The single most important concept that a successful technical analyst and trader must fully comprehend is probability. From this vital concept, the following trading strategies and techniques are devised to improve the chances of success or at least reduce the odds of failure.

The importance of money management to successful trading cannot be over - emphasized. In our view, it is the single most important factor in deciding whether a trader eventually succeeds or fails. Out of the financial resources available, what is the exposure or amount that a trader should have to a particular trade has a big influence in the trader's eventual performance.

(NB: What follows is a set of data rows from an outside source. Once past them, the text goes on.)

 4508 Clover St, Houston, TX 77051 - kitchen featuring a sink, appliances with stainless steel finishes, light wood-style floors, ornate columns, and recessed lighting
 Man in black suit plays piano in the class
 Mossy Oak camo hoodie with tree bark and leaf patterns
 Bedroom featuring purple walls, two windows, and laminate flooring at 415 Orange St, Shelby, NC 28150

The main idea behind these 2 important money management techniques of stop - loss and trailing - stop is “Let your profits run but cut your losses.”

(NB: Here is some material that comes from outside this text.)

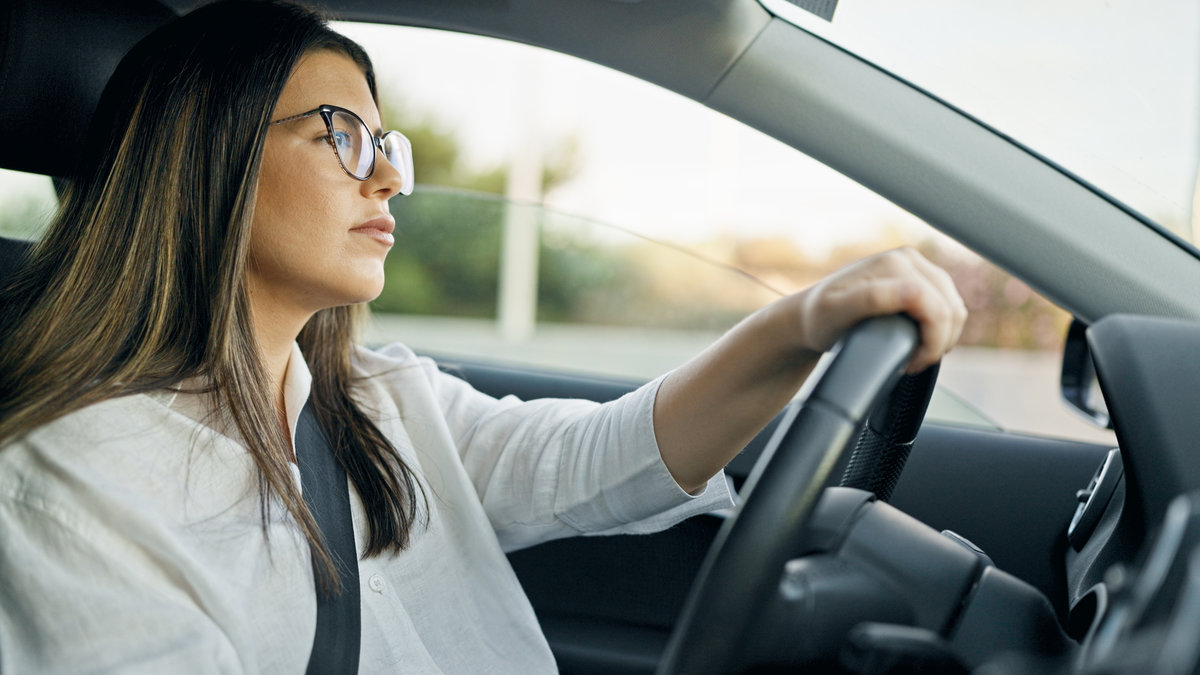 Woman with glasses driving a car, looking thoughtful and focused while holding the steering wheel.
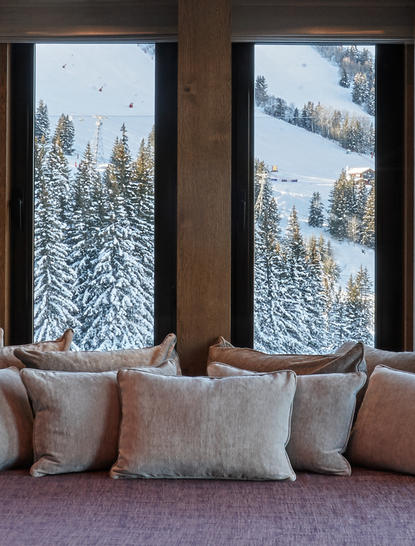 Bedroom windows at Aman Le Mélézin frame snow-covered Alpine forest views, with cushioned seating below.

Stop - loss means that if the price of the counter falls to a certain predetermined level, a trader should stop the losses and sell. What the actual stop - loss should be has to be determined by the trader him or herself. Setting the stop - loss levels can be more complex than what is generally realised and is dependent on a number of major factors. There is a trade off in setting a stop - loss " if it is close to your buying price, the stop - loss can be easily triggered but your loss will be small and vice - versa.

A trailing - stop is used when a counter after you have bought has gone up in price. What happens is this : Say the price has gone up from $2.00 to $3.00. To protect your profits (in case the trend turns ) and yet have a chance to participate ( in case the price still rises ), you place a trailing - stop at, say, $2.50. This means that if the price falls to $2.50, you sell out with a profit. As the price goes higher, your trailing - stops should move higher too. What the trailing - stops will be will have to be decided by each trader him or herself.

Conclusion and a Final word of Advice

An indicator should be used in conjunction with other indicators so as to prevent false signals, which often happen.

Using technical and chart analysis requires a lot of experience, judgement and research. For those subscribers who are new, start small.

Finally, for all subscribers, do not borrow.